I came here to Mother and Father’s house tonight. Mother has been asking me to bring my art supplies home from the nursery so I can sketch Edith, and I’ve done so. I’m trying to ignore the irony here—Mother spent years discouraging me from “scribbling,” as she always called it, only to turn around and ask me now if I’d sketch my baby sister.
I arranged to get a lift with the Cartwrights after they’d delivered the day’s stones. I had my overnight bag plus my easel, sketchbook, and the big case that holds my paints, palette, and pastels at the back door when they brought their truck through the inner gates of the nursery after supper. Both Lewis and his father hustled over to help.
Lewis smiled and dipped his head, saying nothing, but Mr. Cartwright had half a dozen questions, asking me if I was running away from the nursery. I laughed and explained that I was going to do some sketches of my baby sister, and they both seemed delighted. I don’t suppose they knew about my drawings of the quintuplets, or that I had been helping Mrs. Fangel, which is a good thing, I suppose. I said that I’d been drawing the babies since they were born and that Dr. Dafoe encouraged me, even supplying me with my pastels, charcoal, and paints.
Lewis nodded his head slowly and murmured, “It’s r-rare these days that we get the time to do the things we care about.”
Mr. Cartwright opened his mouth as if to say something, then snapped it shut again, as astonished as I to hear his son speak up. That’s the most I’ve ever heard Lewis say in a single breath! He carried my supplies to the truck, then put his hands on the sides and swung himself up, settling himself beside my things, his back against the rear of the cab. For someone so tall and gangly, he moves with surprising grace. I suppose he must be very strong, filling all those buckets of stones.
Climbing behind the wheel, Mr. Cartwright launched into a long story about how he used to dabble in writing the odd verse and how he had intended to do more of that in his retirement. “But look at me now!” he said cheerfully, gesturing at the road and laughing. “This doesn’t look much like poetry, does it?”
When we pulled up at the house, Lewis hopped out of the back again and helped me lift out my easel and bags. He cleared his throat and said, “My father and I would love to see your sketches, if you’d be willing.”
“I’ll likely have something to show you Sunday night. Unless Edith’s a monkey and won’t keep still.”
He looked like he was going to say something else, but didn’t, doing his default blink and nod. Lewis has quite unusual eyes, wide-set and a bit large in his long face, but a lovely hazel color, like his father’s—deep blue at the edge, turning dark amber near the pupil. Tricky to paint, I’d imagine. I must be getting to know him better, because I realized from his silence that he didn’t mean Edith.

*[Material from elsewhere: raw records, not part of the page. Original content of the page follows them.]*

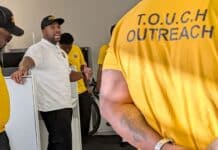 Muhammad Abdul-Ahad, the founder of T.O.U.C.H. Outreach in Minneapolis, meets with his group of "violence interrupters" before they canvassed crime-prone areas of the city on a recent day.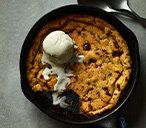 a skillet with ice cream on top of it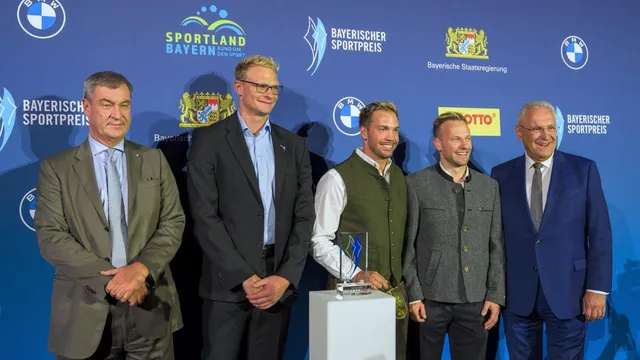 Bavarian Minister-President Markus Söder honors Bayern Munich coach Vincent Kompany with sports prize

“You mean, you want to see my sketches of the quintuplets,” I corrected myself.
He looked up and flashed the ghost of a smile.
“We would indeed, Miss Trimpany,” he said and busied himself brushing the dust off my bag. “It’s a bit of a joke Father and I have that we’ve made more trips to the Dafoe Hospital and Nursery than anyone in the world, yet we almost never get a chance to see the babies.”